System Design: Database Replication (Part 1)

6 min readApr 2, 2020

This is my first blog in the system design series on which I am currently working. So in this blog, we are going to discuss the in-depth details of one of the most important system design principle that is Replication.

I am assuming that you are aware of basic system design terms like Latency, Availability, Fault tolerance, Data throughput, Scalability, Data Consistency, Durability, etc. If not then I will highly recommend reading about them from here or let me know in comments and I’ll try to cover some in my future blogs.

In this blog, we will discuss below-mentioned topics in-depth

What is Replication?
Why do we need Replication?
Types of algorithms for implementing Replication?
Types of Replication strategies with its advantages & disadvantages?
How to handle node outages in Replication?

What is Replication?

Data Replication is the process of storing data in more than one site or node. It is simply copying data from a database from one server to another server.

Why do we need it?

So the first question coming to your mind is why do we need it? So let’s create some scenario which will tell the necessity of it (as necessity is the mother of all inventions :P )

Let’s say If I am the CEO of some e-commerce startup based in the USA. Now I want to cater to orders globally like from people living in Antarctica :P But my servers are running in the USA. So when a user comes to my application and searches an item it gets a lot of time to display the final results on his browser. I don’t think increasing resources on my server is going to solve this problem. Isn’t it?

So what’s the root cause of the problem here?
Yes, You got it right. it’s a network latency issue. So by replication, we can keep data close to the user’s geographic area to reduce latency. Similar things are done by Netflix and Amazon prime video etc that’s why you people can watch HD movies without any buffering delays.

Also, you can check the actual latency numbers here.

Similarly, other problems which replication caters are :

Availability & Fault toleration issues
Data throughput issues

Let’s again consider a real-time scenario. So as a CEO of an e-commerce startup, if my application goes down (Unavailable) then my whole business could get impacted and I could have lost thousands of bucks and can lose the trust of our customers which is very bad these days. Hence we need better Fault tolerance in our system.

Even if my startup gets very much popular like Amazon etc then my server would be handling millions of transactions/queries per second (TPS/QPS). And if my system is not that much scalable then user experience would be deteriorated. The quality of service (QOS) will be very poor. No one would like to visit our application.
Hence we need to make our system more Scalable and need to have better Data throughput.
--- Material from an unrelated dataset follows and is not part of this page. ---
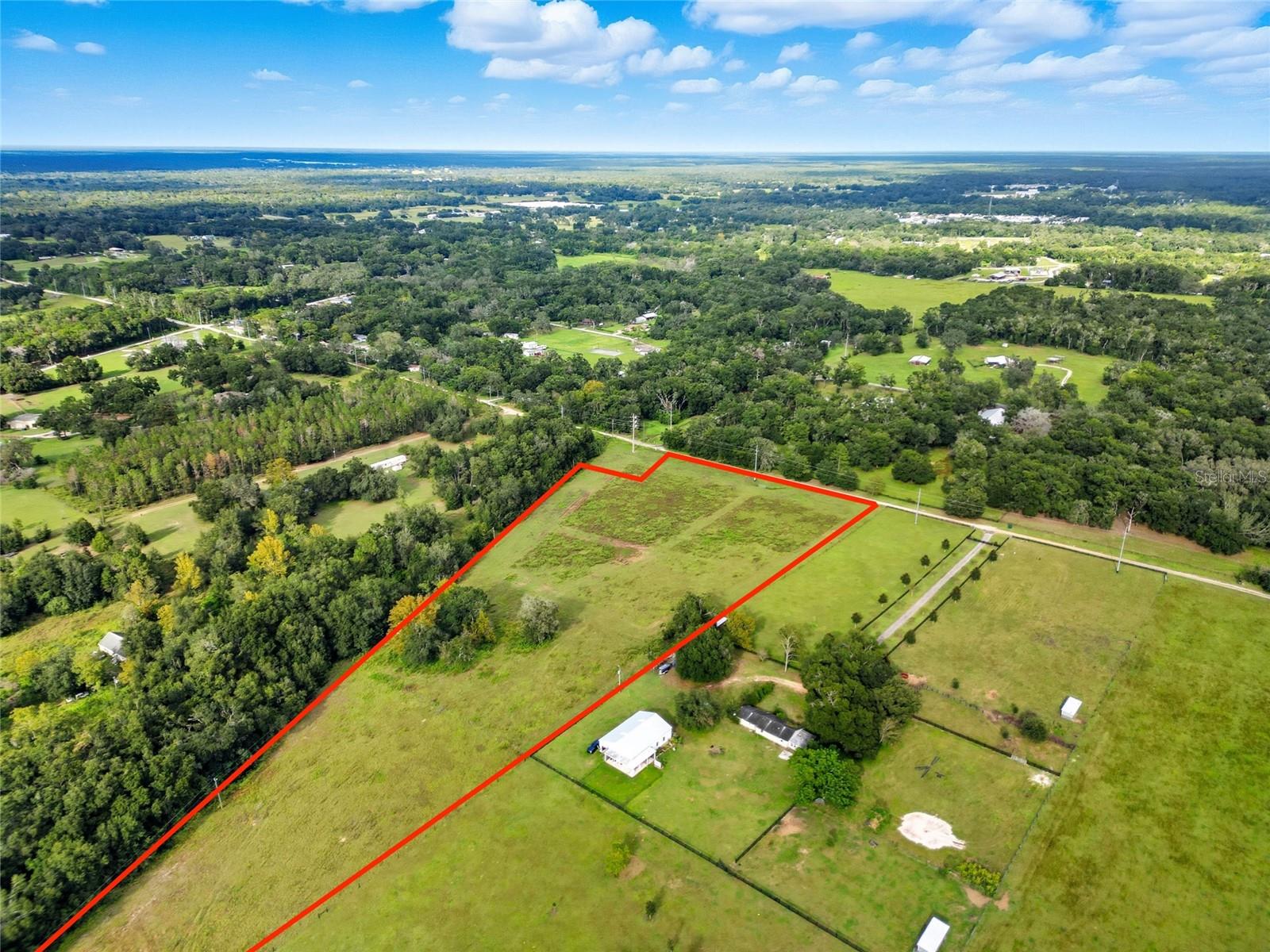 ACREAGE - Land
Types of algorithms for implementing Database Replication?

Single Leader Replication
Multi-Leader Replication
Leaderless Replication

Now let’s discuss the algorithms in detail.

Single Leader Replication (Active-Passive or Master-Slave Replication)
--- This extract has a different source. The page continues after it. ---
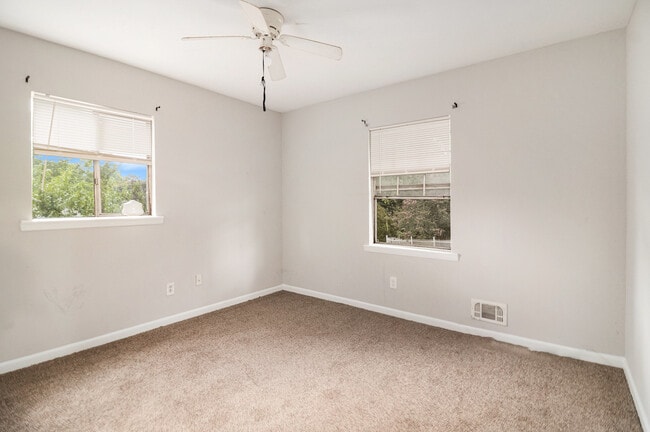 Building Photo - 8753 E Bourne Dr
So in leader based architecture, client (application server) requests are sent to leader DB first and after that leader sends the data changes to all of its followers as a part of the replication log.
Whenever a client wants to read data from the database then it can query either leader or any of the follower (Yes there is generally more than just one follower to make the system highly available). However, writes to the database is only accepted on the leader by the client.
Now whenever a follower dies our application will not get impacted as there is not just a single node of data. Our application can read from other followers as well and hence this makes our system highly Read Scalable

Used in: PostgreSQL, MySql, SQL Server, MongoDB, Kafka, etc.
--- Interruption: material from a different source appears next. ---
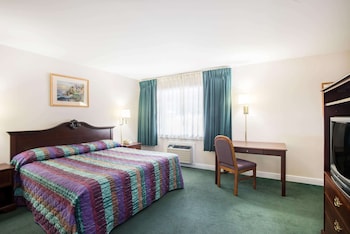 Suite, 2 Double Beds, Non Smoking, Lake View
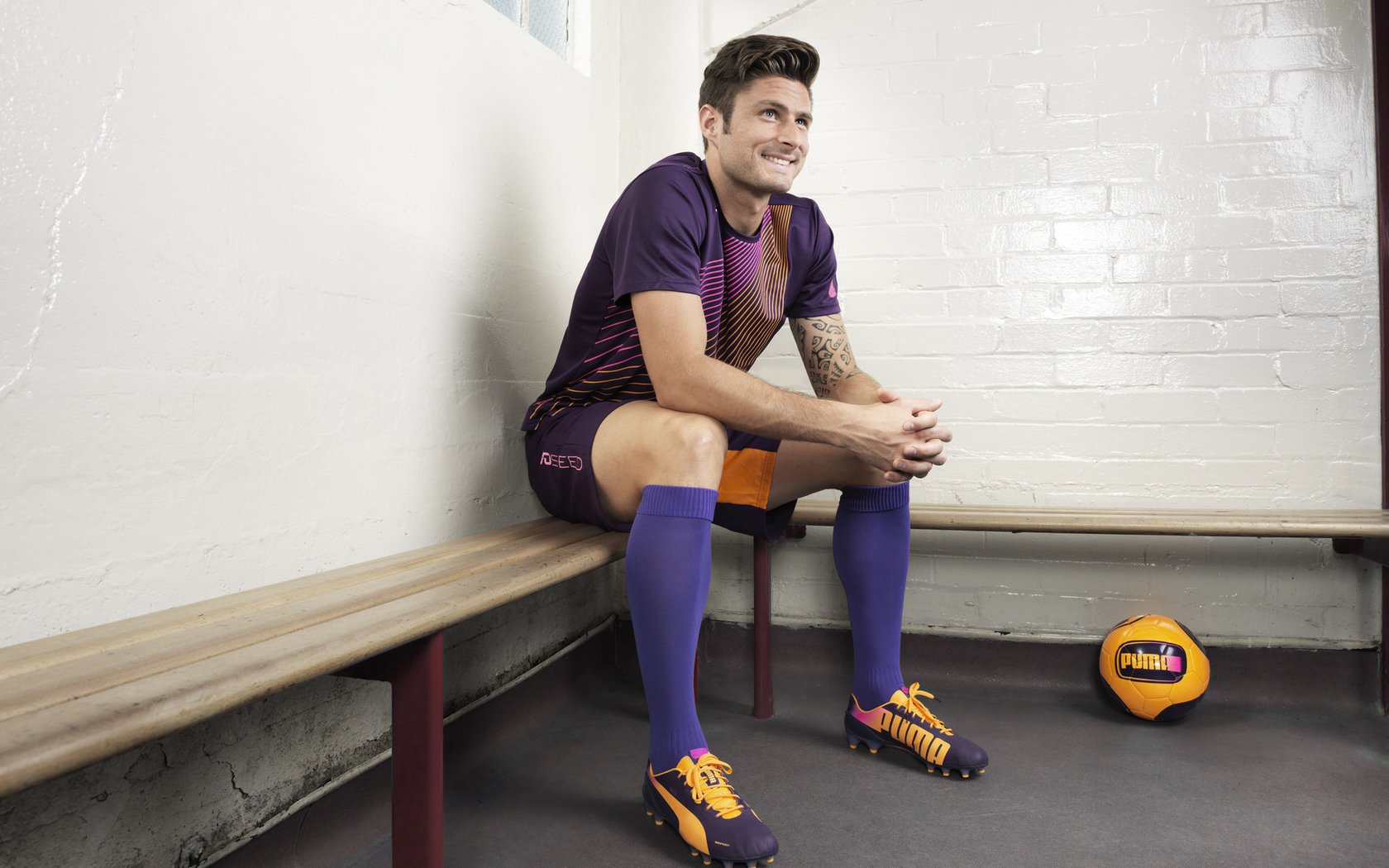 开云·体育官网APP下载-荷兰男队水球传接节奏清晰，荷兰男子三人篮球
A user makes a write, followed by a reading from a stale replica

One of the crucial points you might be thinking is that what if there is a delay in replicating data from leader to follower and a client reads from a follower?
Yes, there is a high possibility for this scenario to occur but stale reads are acceptable and this is inevitable because as per the CAP Theorem given by Eric Brewer (VP of Infra at Google), you can achieve only two guarantees out of Consistency, Partition Tolerance, Availability at a time. Moreover, You can read more about the CAP theorem here.

Also here as per Martin Kleppmann, Partition tolerance is inevitable (means systems which are Consistent and highly Available aren’t practically possible) and hence we can achieve either Consistency or Availability which means for some time you are going to show old data to the user. This is known as Eventual-Consistency. Even read-heavy systems like Facebook or Instagram are eventually consistent.

Even in terms of replication strategies I have seen experts using below-mentioned strategies type :

Synchronous replication (Follower 1 in the below image)
Asynchronous replication (Follower 2 in the below image)

Leader based replication using sync and async replication strategies

Synchronous replication strategy in Master-slave architecture

In this strategy, followers are guaranteed to have an up to date copy of data (Strong Consistency) which is an advantage.
But one of the biggest disadvantages it has is that it will block the client until the leader receives the OK response from all the followers. Now if you have a very high read scalable system like Facebook with thousands of followers nodes then waiting for data to be replicated at each node is not a good user experience.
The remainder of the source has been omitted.